╭─ MATERIALS PROVIDED
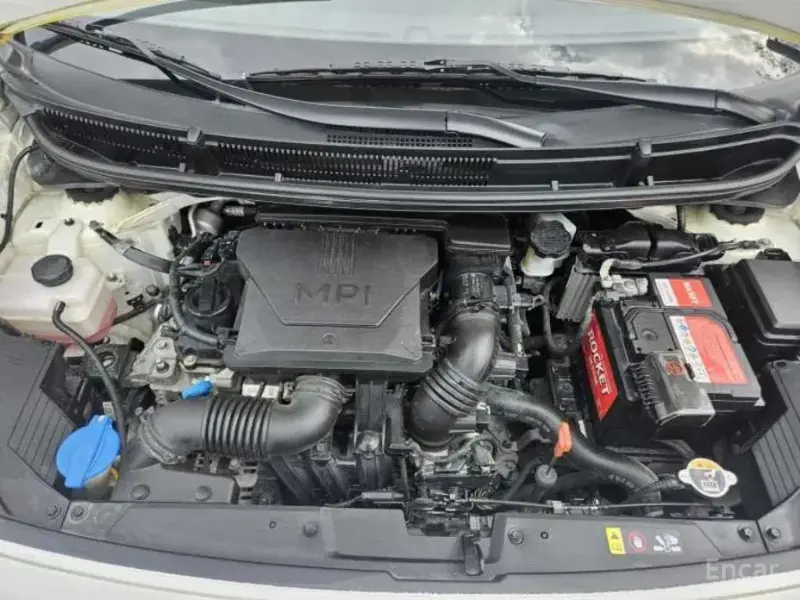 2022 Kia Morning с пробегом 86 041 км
╰─
╭─ MATERIALS PROVIDED
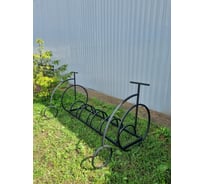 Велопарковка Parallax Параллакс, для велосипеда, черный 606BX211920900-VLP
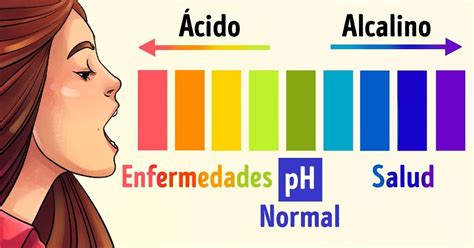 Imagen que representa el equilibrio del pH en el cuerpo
╰─
*WHAT THE EXERCISE ASKS*.
Copy only the lines above from the one containing "Велопарковка Parallax Параллакс, для" through the one containing "Imagen que representa", both included. Leave out the pictures.

*RESPONSE FOR THIS EXERCISE*.
 Велопарковка Parallax Параллакс, для велосипеда, черный 606BX211920900-VLP
 Imagen que representa el equilibrio del pH en el cuerpo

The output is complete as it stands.